On Wed, Jun 24, 2015 at 07:32:56AM +0300, Alexander Monakov wrote:
> On Wed, 24 Jun 2015, Rich Felker wrote:
>
> > On Wed, Jun 24, 2015 at 02:24:52AM +0300, Alexander Monakov wrote:
> > > +static uint32_t umod(uint32_t x, uint32_t div, struct udiv *p)
> > > +{
> > > +	if (!(div&(div-1)))
> > > +		return x&(div-1);
> > > +	uint32_t v = x;
> > > +	if (p->s1) v >>= p->s1;
> > > +	else if (v != ~0u) v += p->inc;
> > > +	int s32=32, s2=p->s2;
> > > +	if (sizeof(long) == 8)
> > > +		s32+=s2, s2=0;
> > > +	v = (1ull * v * p->mul) >> s32;
> > > +	v >>= s2;
> > > +	return x-v*div;
> > > +}
> >
> > I think having the div argument here is a pessimization.
>
> How can I do the last step, 'x-v*div' without it?

Ah yes.

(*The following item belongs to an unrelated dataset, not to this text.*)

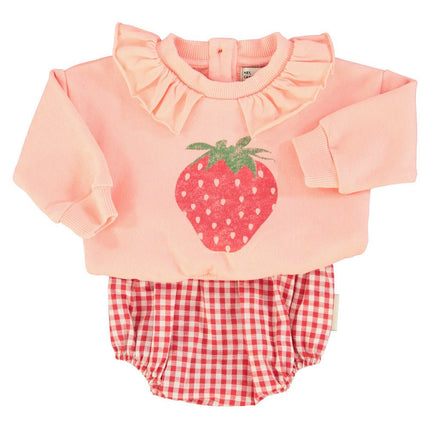pink baby sweatshirt paired with checkered romper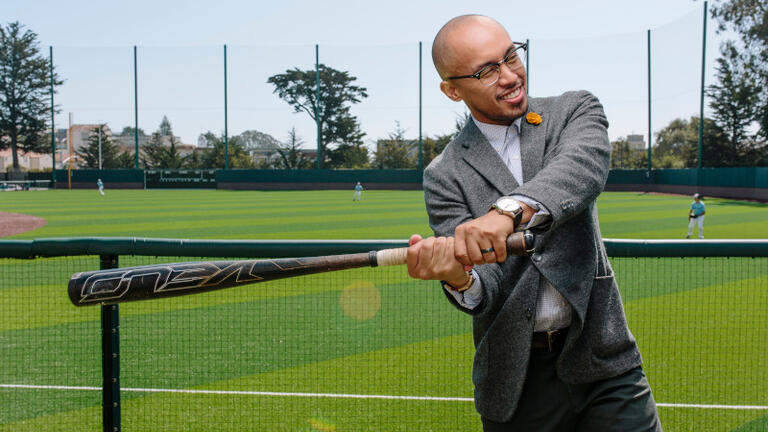 Student swinging a baseball bat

Would it be preferable to have that in struct udiv then,
though? Then the caller never has to care about the divisor, and in
the case where umod doesn't get inlined, the call will be more
efficient (fewer args).

> > Power-of-two sizes are unlikely to be used,
>
> probably so, but...
>
> > and it's possible for precompute_udiv
> > to setup the struct udiv to work perfectly fine for powers of two,
>
> I gave it a thought, and I didn't find how to do that either.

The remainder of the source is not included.